Check if value exists in level-order sorted complete binary tree

Given a level-order sorted complete binary tree, the task is to check whether a key exists in it or not. A complete binary tree has every level except possibly the last, completely filled, with all nodes as far left as possible.

Examples:

             7
          /     \
         10      15
       /   \    /  \
      17   20  30  35
     / \   /     
    40 41 50      
Input: Node = 3
Output: No

Input: Node = 7
Output: Yes

Input: Node = 30
Output: Yes

Approach A simple O(n) solution would be to fully traverse the tree and check for the key value. However, we can leverage the information that the tree is sorted and do better in terms of time complexity.
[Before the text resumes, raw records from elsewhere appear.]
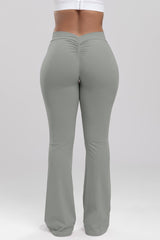 Ruched High Waist Bootcut Active Pants - 808Lush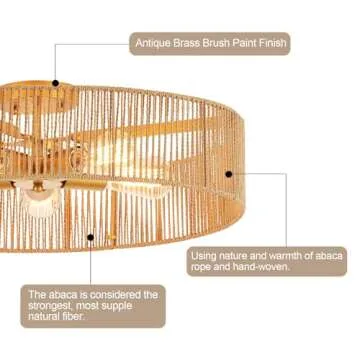 MhyTogn 24" Natural Rattan Flush Mount Ceiling Light Fixture Antique Brass Brush Paint Finish Boho Chandelier for Porch Patio Hallway Bedroom Living Room Kitchen Island 5-Light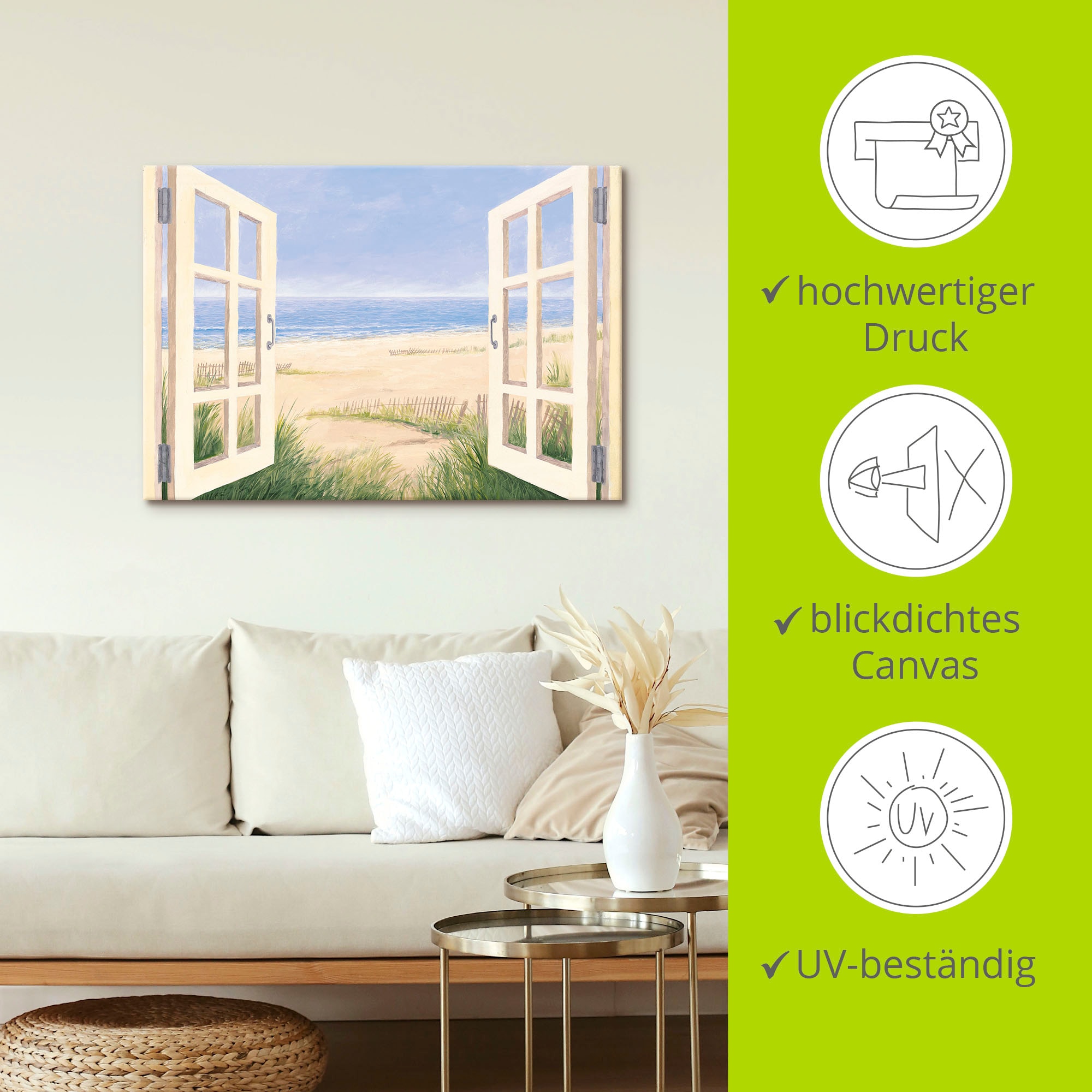 Artland Wandbild »Fensterblick Frühlingsmorgen« Fensterblick 1 Stk. tlg. als Alubild, Outdoorbild, Leinwandbild, Wandaufkleber, versch. Grössen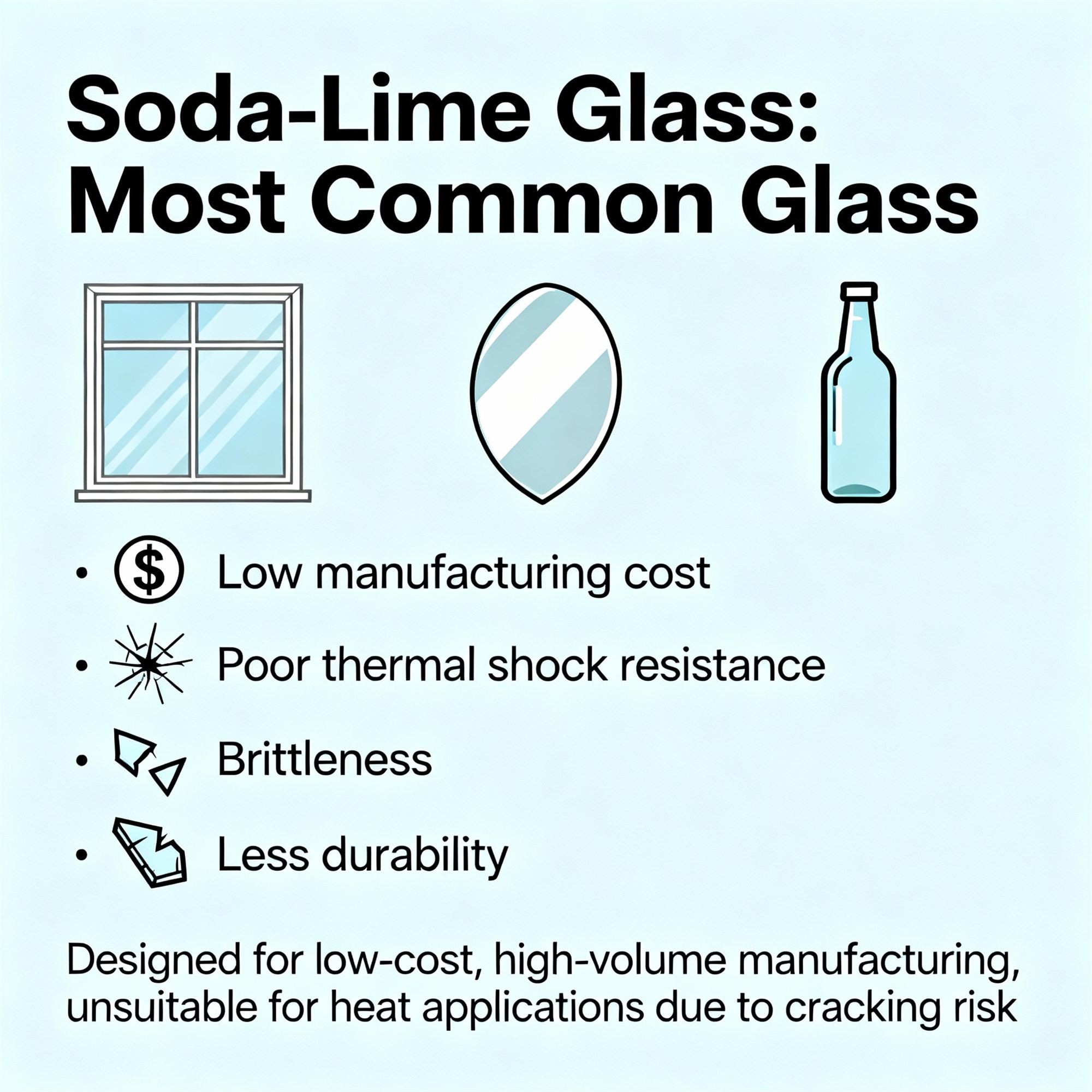 Educational graphic explaining soda-lime glass common uses windows mirrors bottles and low cost brittleness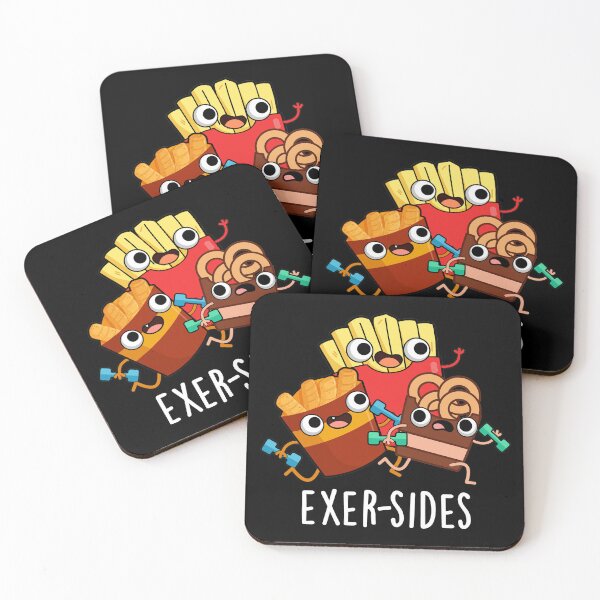 Item preview, Exer-sides Funny Exercise Pun (Dark BG) designed and sold by punnybone.
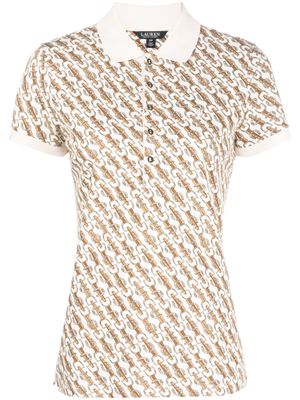 Lauren Ralph Lauren graphic-print cotton polo shirt - White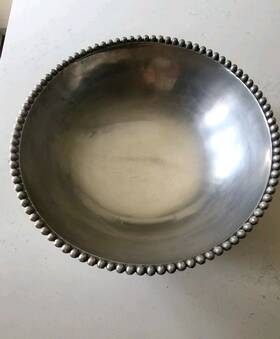 Mariposa 808813147895 Large Beaded Edge Serving Bowl Heavy Recycled Aluminum 15.5 Inch W 5 D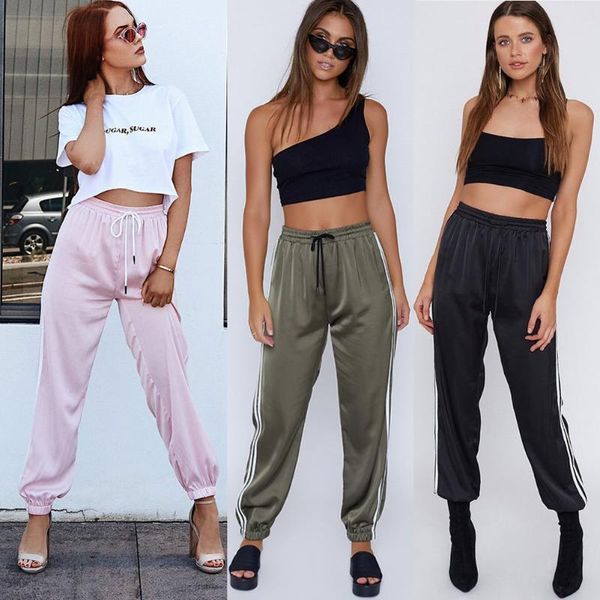 

women's pants & capris plus size -xl fashion women joggers trousers casual loose side striped long sweatpants leggings sweat wear, Black;white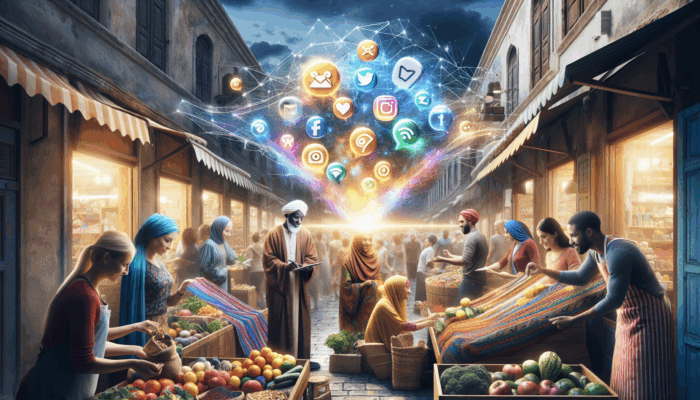 A bustling Wells market with social media icons, showing enhanced visibility and community engagement for local businesses.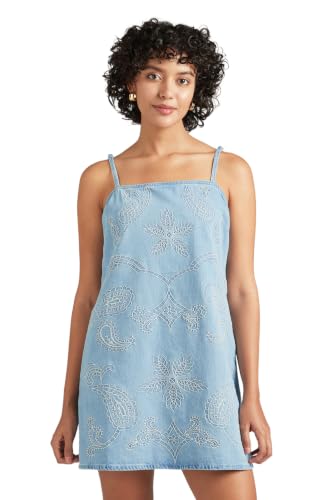 American Eagle Denim Embroidered Mini Dress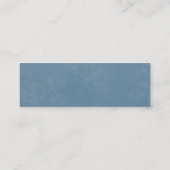 Stoffige blauwe bloemenperzik chique bruiloft webs mini visitekaartje (Achterkant)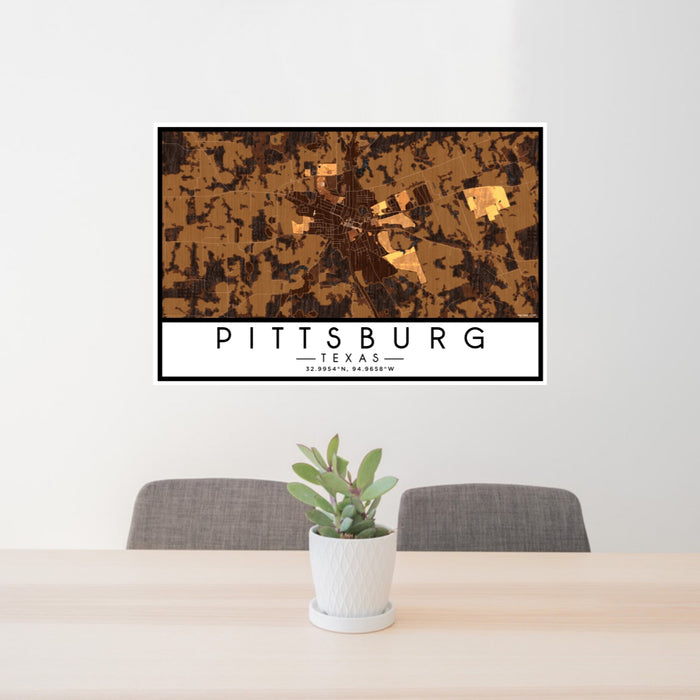 24x36 Pittsburg Texas Map Print Lanscape Orientation in Ember Style Behind 2 Chairs Table and Potted Plant
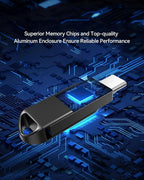 128GB Dual USB Type C +A Flash Drive 2-in-1 OTG USB 3.0 Thumb Drive Metal UDP - Image 6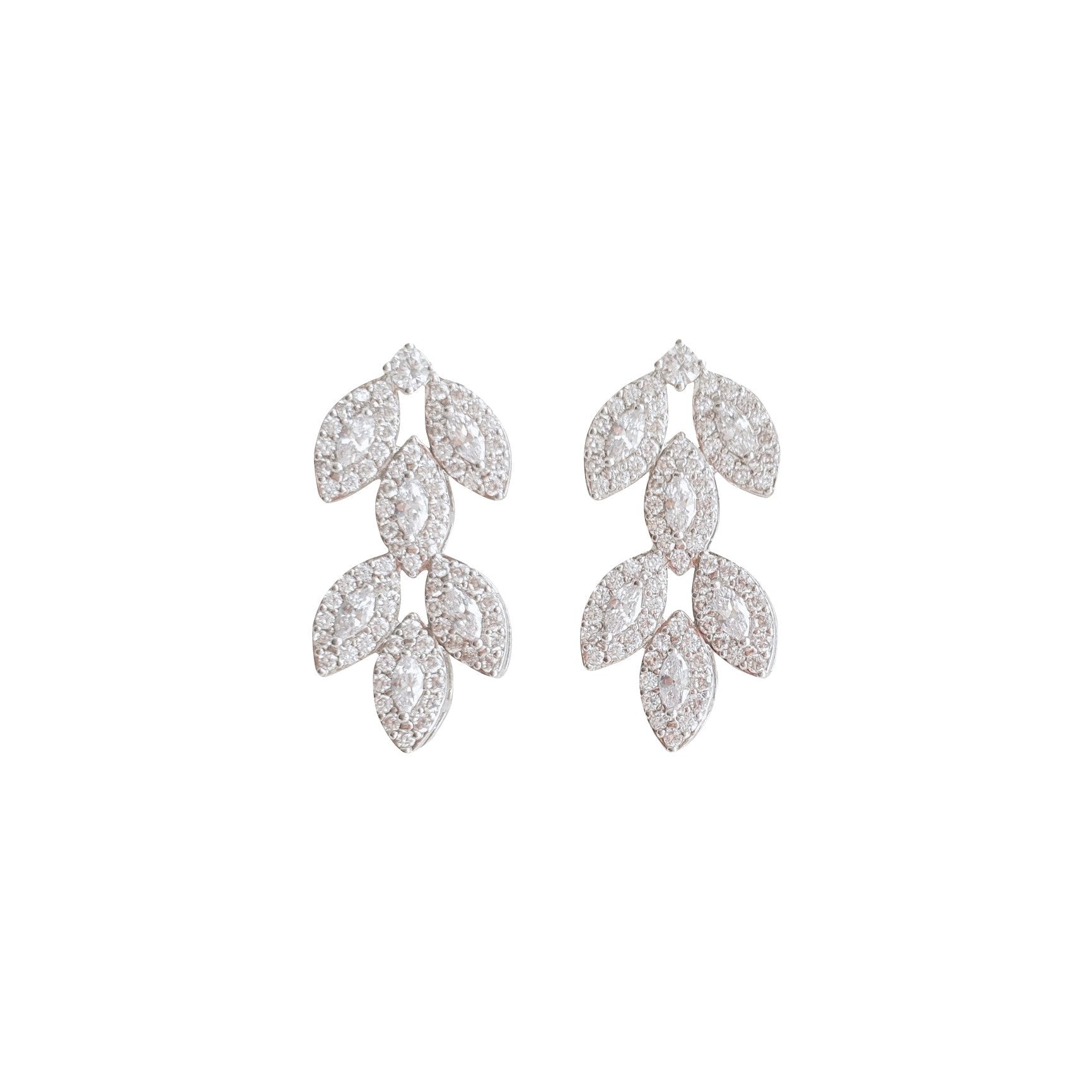Leaf Stud Earrings Silver- Abby - PoetryDesigns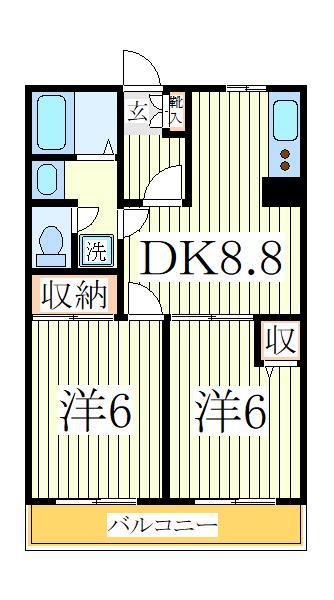 我孫子市南新木のアパートの間取り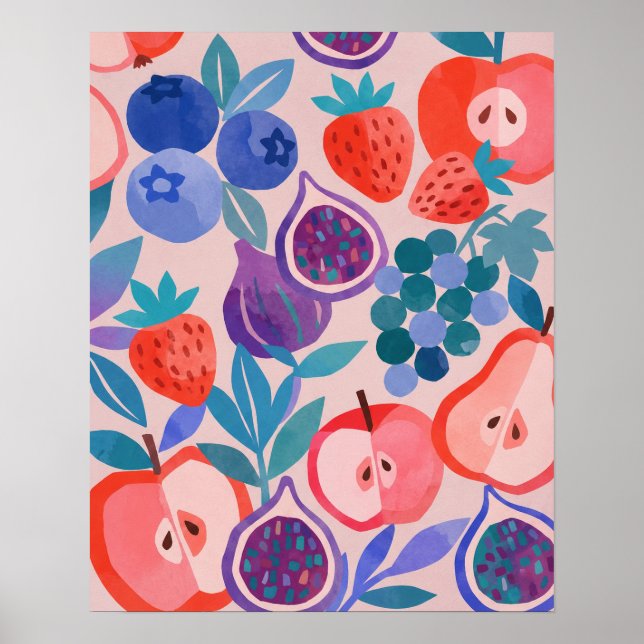 Impression d'art moderne à motif de fruits mélangé (Devant)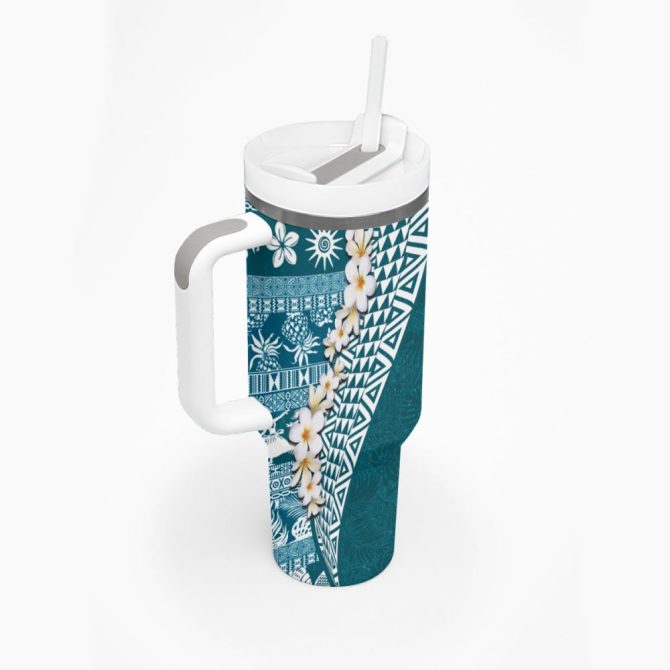 Hawaii Plumeria Flowers Custom Stanley Quencher 40Oz Stainless Steel Tumbler - Image 3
  • Find out the level where the key may exist. Start at the root node, keep going left until a value which is greater than the key value is encountered. The level before this would contain the key, if at all the key existed in the tree. Let us assume this is level l.
  • Now, perform binary search on the nodes of l. Unlike the conventional binary search, the nodes of this level cannot be accessed directly. However, the path from the root to every node in this level can be encoded using the binary logic. For example, consider the 3rd level in the sample tree. It can contain up to 23 = 8 nodes. These nodes can be reached from the root node by going left, left, left; or by going left, left, right; and so on. If the left is denoted by 0 and the right by 1 then the possible ways to reach nodes in this level can be encoded as arr = [000, 001, 010, 011, 100, 101, 110, 111].
  • However, this array doesn’t need to be created, binary search can be applied by recursively selecting the middle index and simply generating the l-bit gray code of this index (Refer to this article).
  • In case of incomplete paths, simply check for the left part of the array. For instance, the encoded path 011 does not correspond to any value in the sample tree. Since the tree is complete, it ensures that there will be no more elements to the right.
  • If the key is found return true, else return false.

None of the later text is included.